A review by tasmanian_bibliophile
Four Soldiers by Sam Taylor, Hubert Mingarelli

4.0

‘I am from Dorovitsa in the province of Vyatka.’

Set somewhere near the Romanian border in the winter of 1919, while the Russian Civil War is in its second year. During a lull in the fighting, four soldiers set up camp in a forest. They become close, these four men, Benia (our narrator), Pavel, Kyabine and Sifra, awaiting their orders. The rest of their battalion is close by. They smoke, they talk, they requisition animals and foodstuff from local peasants. They have their rituals as well, including a watch they pass between them which contains a photograph of a woman. The watch no longer works, but the photograph of the unknown woman connects each of them to humanity.

They find a pond and try to keep it to themselves. Moments of tranquillity, fragments of happiness snatched from the horror of war. They smoke, they talk, they wait. Spring will arrive soon; they will move on to fight. Benia feels affection for Pavel but is conflicted. Kyabine, a giant from Uzbek, is frequently the source of amusement. They are afraid of what might come but take comfort from being together.

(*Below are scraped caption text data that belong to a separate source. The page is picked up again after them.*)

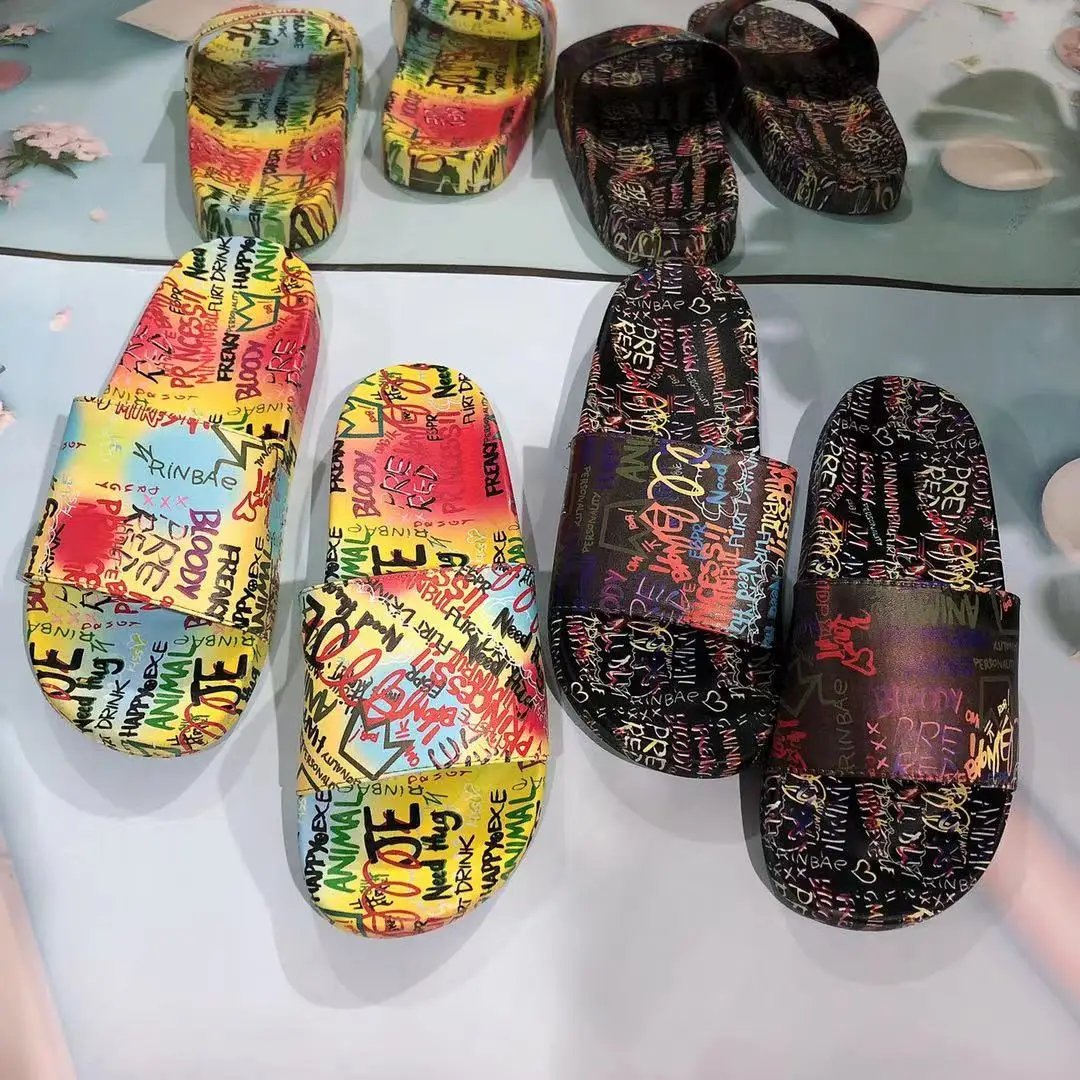 

2021 new fashion graffiti shoes multi color slippers Ladies Beach Candy Color Summer outdoor women's slipper, Black/ color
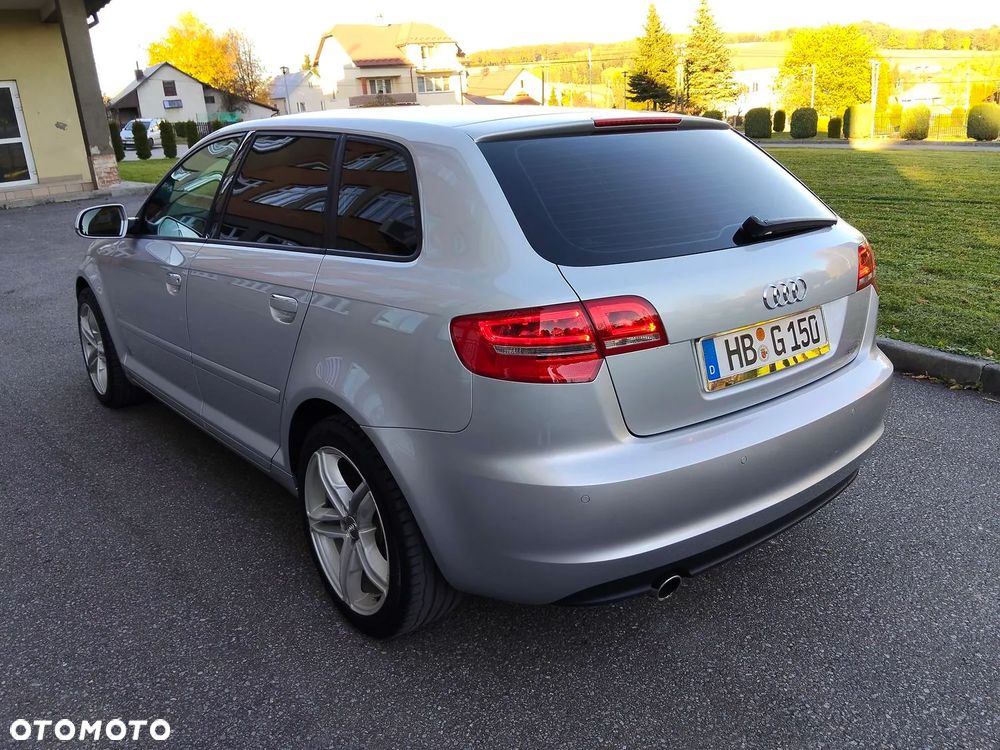 Audi A3 Sportback 2.0 TDI Attraction - 2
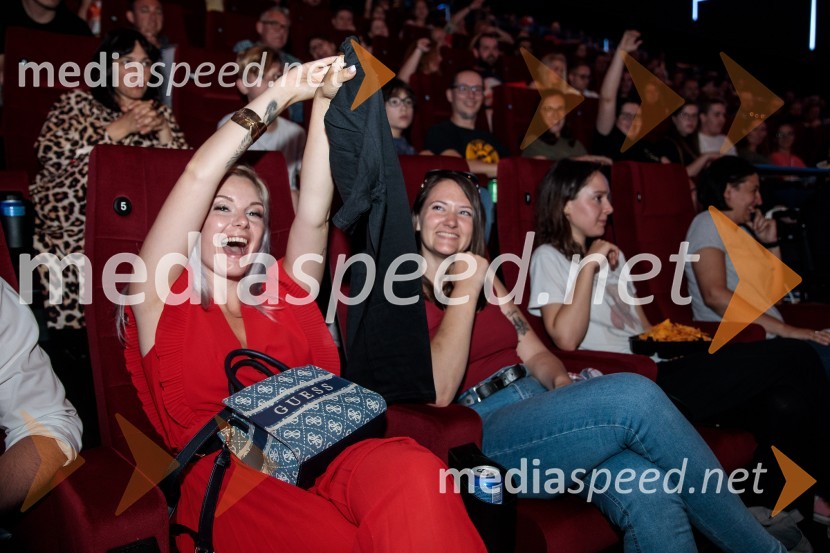  Alenka Trogrlič, youtuberka;  Deina MegličPremiera filma Elvis, Cineplexx Ljubljana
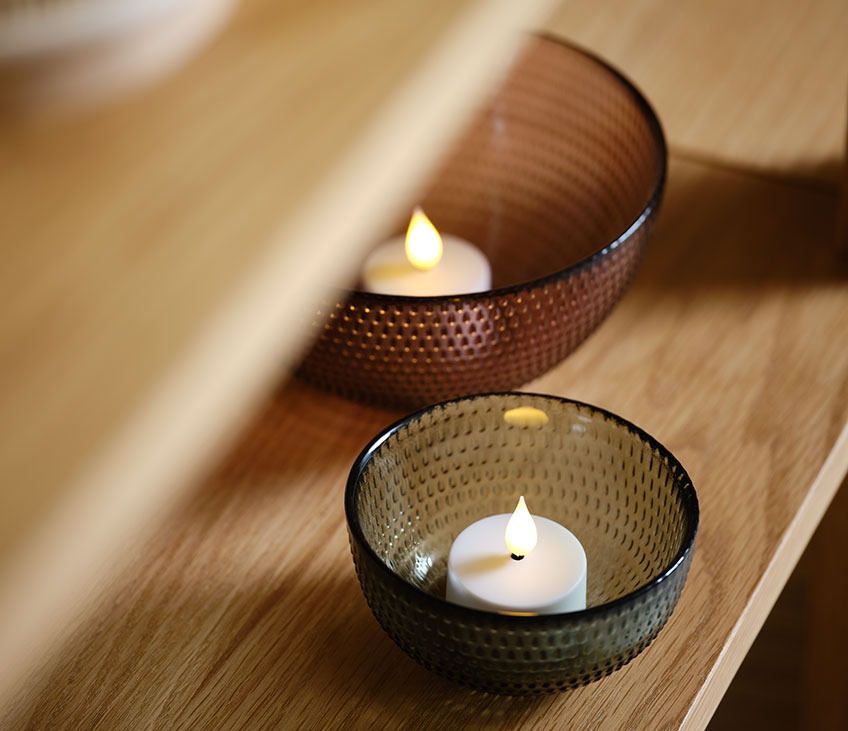 Glass bowls in purple and grey with rechargeable tealights  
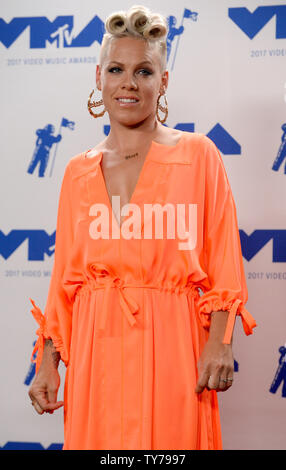 Rose, lauréat du Prix Vanguard vidéo Michael Jackson backstage apparaît au cours de la 34e conférence annuelle de MTV Video Music Awards au Forum à Inglewood, Californie le 27 août 2017. Photo par Jim Ruymen/UPI Banque D'Images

And then they are joined by a fifth soldier. Kouza Evdokim is a young peasant recruit from Vsevolozhsk, near St Petersburg. Nicknamed the ‘Evodkim kid’, he is frequently observed writing. The others, illiterate, are suspicious of him (of what is he writing, and why) but come to realise that the Evodkim kid’s writing may be the only way to create a record of this period before the fighting resumes. Each of the soldiers, particularly Benia, wants the Evodkim kid to make a careful record. Writing will make this experience real, whatever the future may hold.

I finished this novel (novella?) profoundly moved. In fewer than two hundred pages, Mr Mingarelli slows down time to portray a break in the fighting, where soldiers are briefly (just) men trying to exist the best way they can. There is a twist which makes this even more poignant.